TRAUMA AND EXPERIENCE

In “An Invisible Epidemic,” Elizabeth Svoboda discusses a type of trauma caused by a person's core principles being violated, such as during wartime. This “moral injury” sounds like a way of life for many people. Gay and transgender people have to constantly adjust responses to external cues, circumstances and attacks. Over a long period of time, this can weigh heavily.

If the psychologists mentioned in the article would interview some older gay and trans people, they may find the coping mechanisms and support strategies these individuals have used to be helpful, which could move their own research on treatments forward.

STEVEN CAIN Irving, Tex.

COSMIC QUICK START

Jonathan O'Callaghan's article “Breaking Cosmology” successfully describes JWST's flurry of images of surprisingly early galaxies and possible explanations for them. I also commend the author's brief comments on how the rush to publish these findings suggests a more efficient and faster peer-review process.

JAMES CARLISLE Atascadero, Calif.

According to O'Callaghan, JWST data show early galaxies that seem too large and well developed for their age. I recall other Scientific American articles describing supermassive black holes that also seemed too large for their early times. Which came first? Could precocious supermassive black holes have contributed to the precocious development of galaxies?

K. CYRUS ROBINSON armONx, Tampa Bay, Fla.

The article describes 120 million years as “a cosmic blink of an eye.” This would be 0.87 percent of the universe's age of 13.8 billion years. An eyeblink of 0.1 second is 0.0000000045 percent of three score and 10 years of life. Perhaps “a long winter's nap” might be a closer metaphor.

BILL CIPRA via e-mail

O'CALLAGHAN REPLIES: Robinson asks a good question. The simple answer is that we don't know. We see supermassive black holes at the centers of nearly all large galaxies, but how such black holes formed so early in the universe is an open question.
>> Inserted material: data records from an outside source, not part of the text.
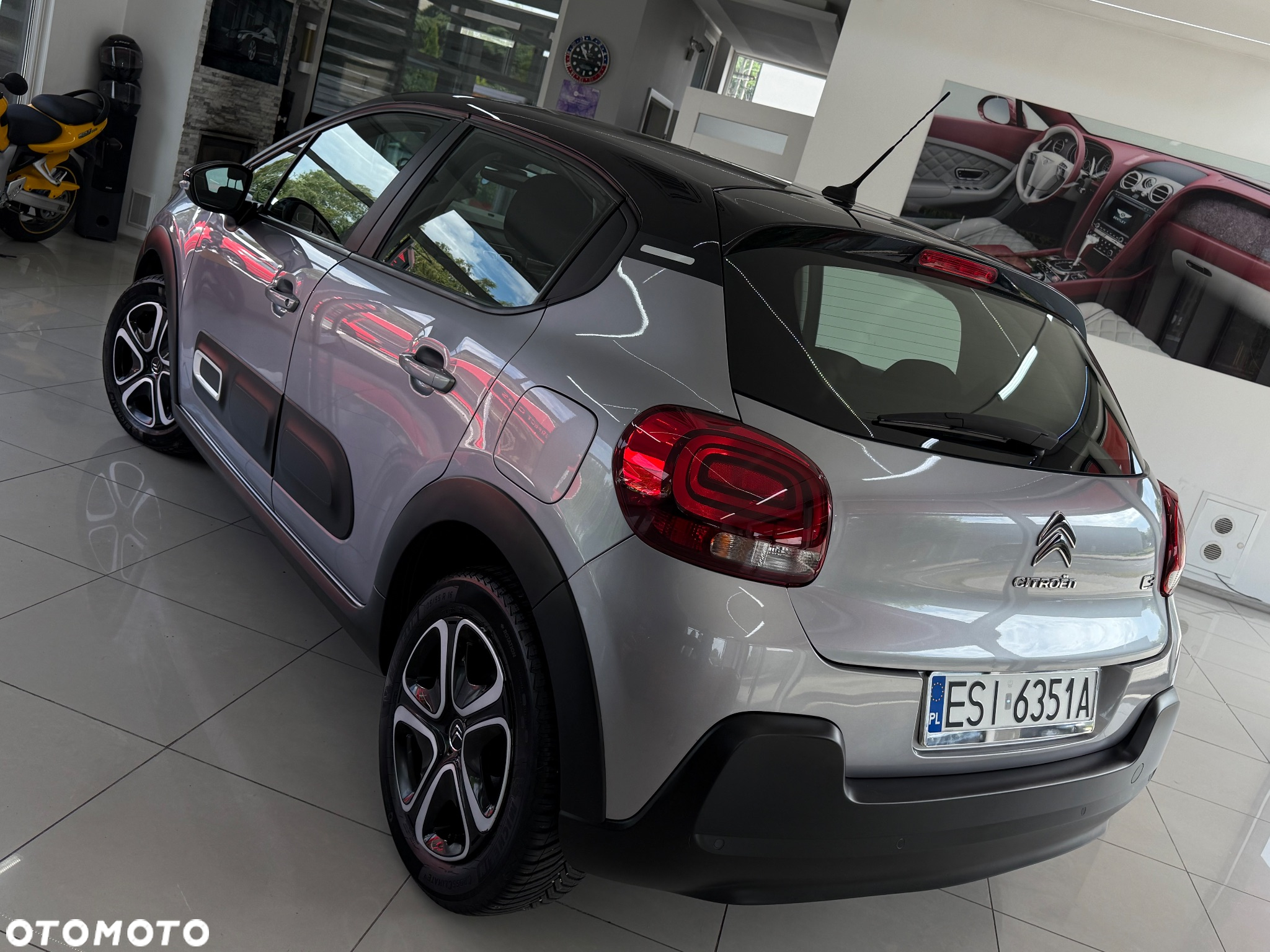 Citroën C3 - 13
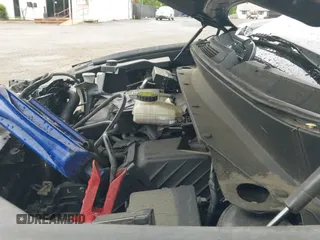 ✅ 2020 Infiniti QX60 Signature Edition • VIN: 5N1DL0MM5LC500837 • Lot: 42209641. Listed on IAAI with 90,503 mi. Free auction sales archive from the USA and detailed vehicle history report at DreamBid. Image 19.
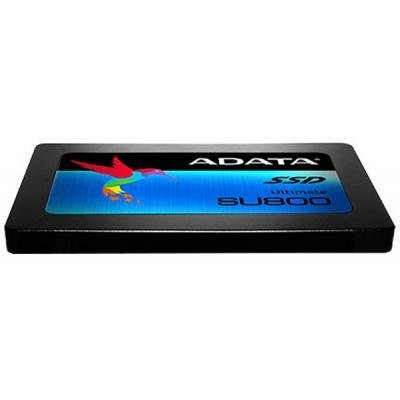 Накопитель SSD 2.5" 512GB ADATA (ASU800SS-512GT-C)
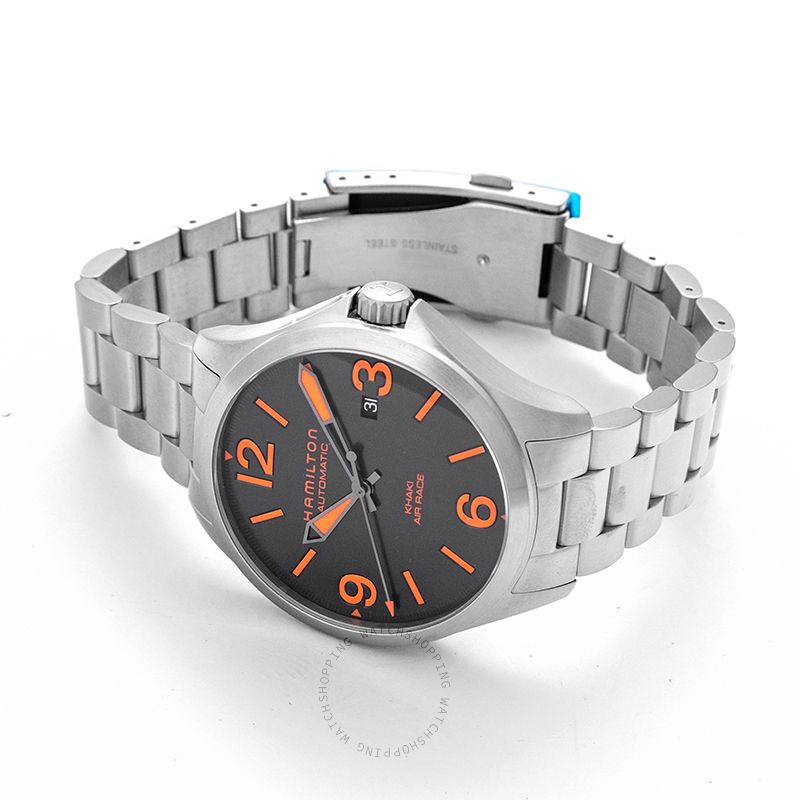 replica Hamilton Khaki Aviation H76535131 WATCHES 1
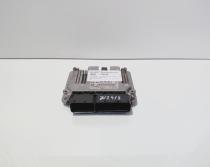 Calculator motor ECU, cod 05E907309H, 0261S21433, VW  Passat (3G2), 1.5 TSI, DPC (id:712413)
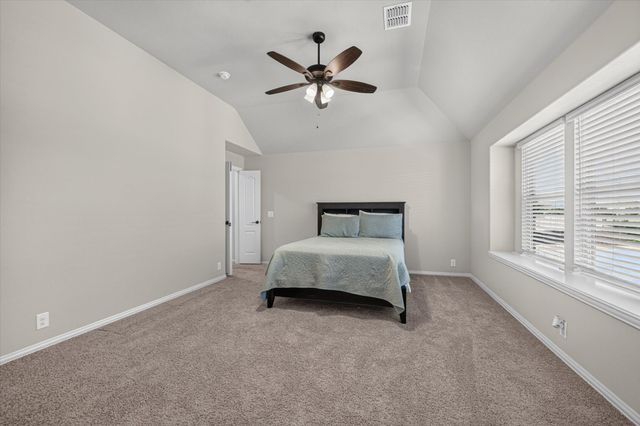 4828 Hazy Hollow Lane, Crowley, TX 76036
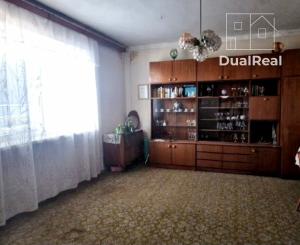 Na predaj veľký rodinný dom v obci Kolta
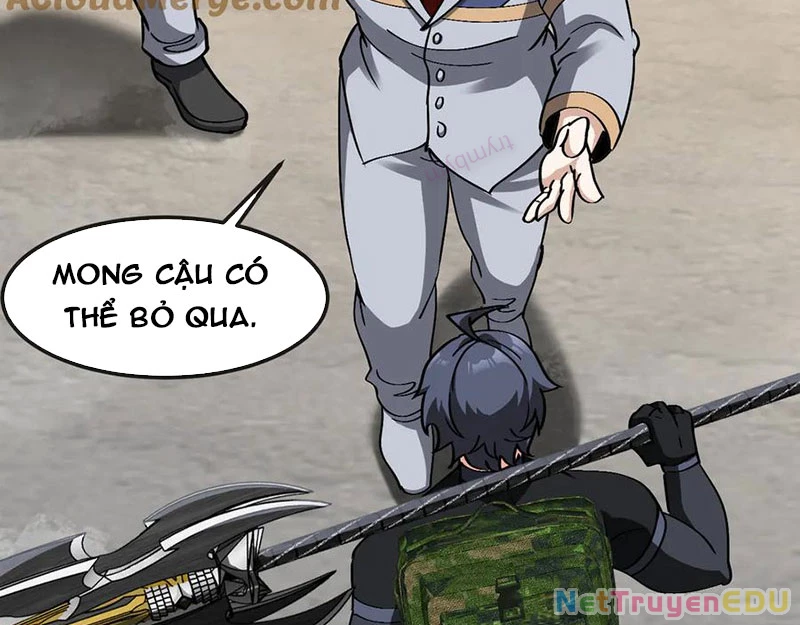 Hệ Thống Super God Chapter 160 - Trang 4
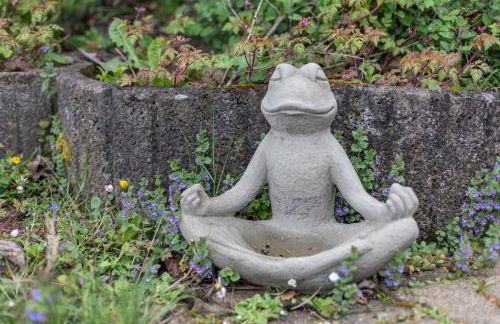 Cozy II Luxuriös Moselview Terrasse Garten NETFLIX - Foto 33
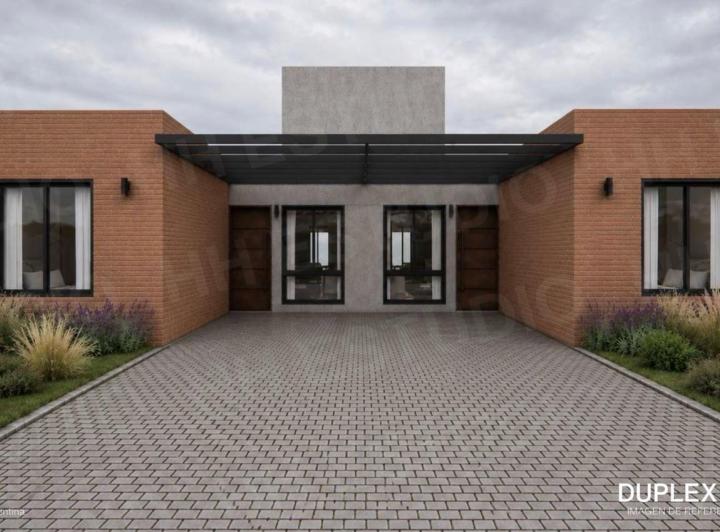 PH · 75m² · 2 Dormitorios · 1 Cochera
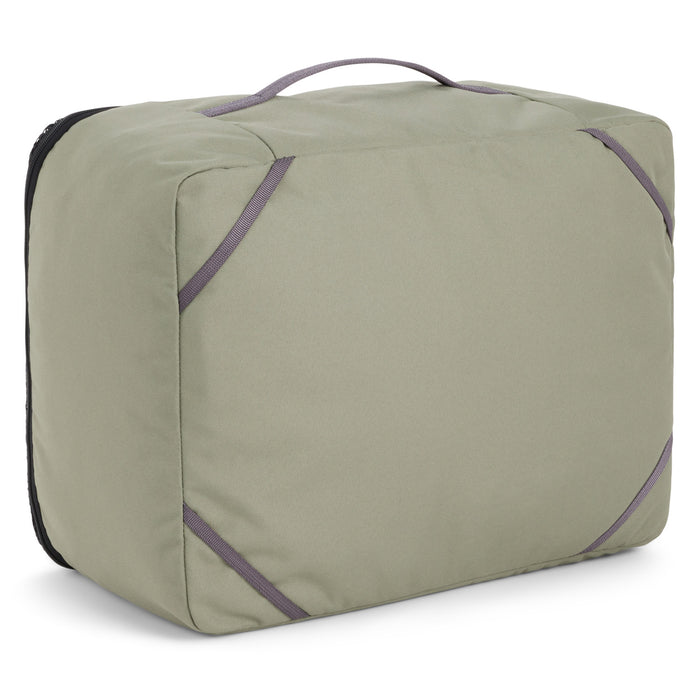 evo XL Packing Cube Olive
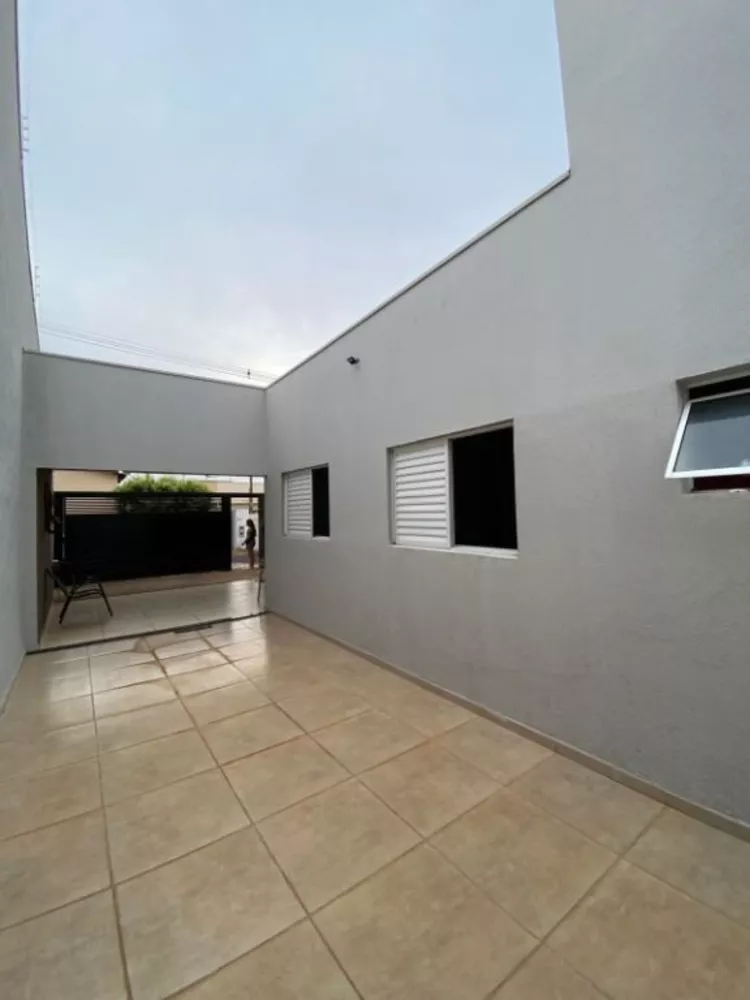Casa, 3 quartos, 120 m² - Foto 3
It's unclear whether they formed within already grown galaxies or were instead the seeds of such growth, perhaps created by the collapse of supermassive stars in the early cosmos.

MIND OVER MATTER

Constructing the World from Inside Out,” by György Buzsáki [June 2022], explores how perception of our physical surroundings occurs in the brain. An even more puzzling question is how the brain constructs worlds that cannot be perceived by the senses, as Plato demonstrated in his dialogue Meno. This was also mysterious to Albert Einstein, who said in a 1921 lecture, “How can it be that mathematics, being after all a product of human thought which is independent of experience, is so admirably appropriate to the objects of reality?”

TONY JOHNSON San Rafael, Calif.

ERRATUM

Overdose of Inequality,” by Melba Newsome and Gioncarlo Valentine, included an image caption that erroneously referred to physician Edwin Chapman as Edward Chapman. His name was given correctly in the main text.